🤖 AI Summary
Earth science data are growing rapidly, yet their reusability remains limited. To address this challenge, this work proposes PANGAEA-GPT—a hierarchical multi-agent system featuring a centralized supervisor-worker architecture. The system integrates data-type-aware routing, sandboxed deterministic code execution, and an execution-feedback-driven self-correction mechanism to autonomously orchestrate complex, multi-step analytical workflows.
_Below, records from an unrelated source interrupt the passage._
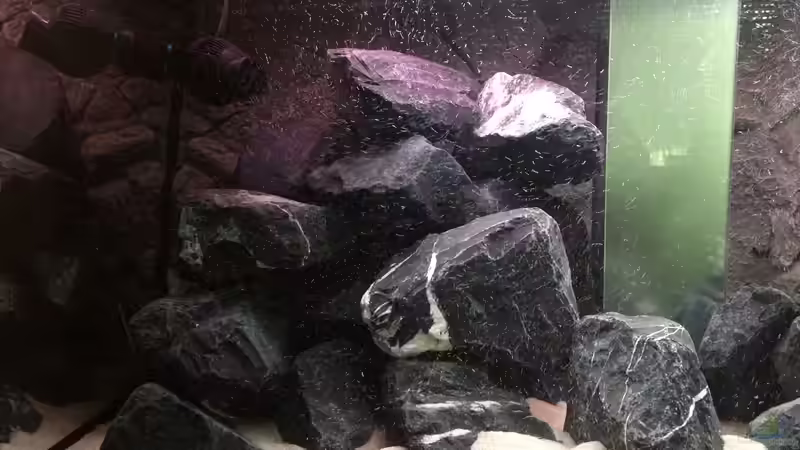 Steinaufbau linke Seite von Hanse-Hannes (5)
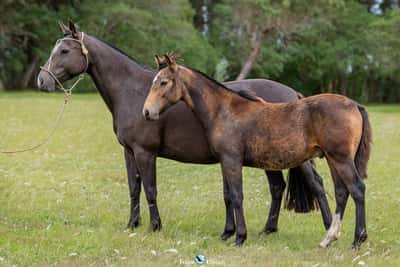 Lote JAGUEL RIENDA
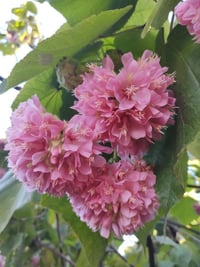 مشتل بيروميا 🌿✨ توفرت شتلات شجرة الدومبيا Dombeya burgessiae 🌸 💰 السعر...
Evaluated in physical oceanography and ecology scenarios, PANGAEA-GPT enables end-to-end data analysis with minimal human intervention, substantially enhancing the discoverability and usability of heterogeneous geoscientific datasets.
📝 Abstract
The rapid accumulation of Earth science data has created a significant scalability challenge; while repositories like PANGAEA host vast collections of datasets, citation metrics indicate that a substantial portion remains underutilized, limiting data reusability. Here we present PANGAEA-GPT, a hierarchical multi-agent framework designed for autonomous data discovery and analysis. Unlike standard Large Language Model (LLM) wrappers, our architecture implements a centralized Supervisor-Worker topology with strict data-type-aware routing, sandboxed deterministic code execution, and self-correction via execution feedback, enabling agents to diagnose and resolve runtime errors. Through use-case scenarios spanning physical oceanography and ecology, we demonstrate the system's capacity to execute complex, multi-step workflows with minimal human intervention. This framework provides a methodology for querying and analyzing heterogeneous repository data through coordinated agent workflows.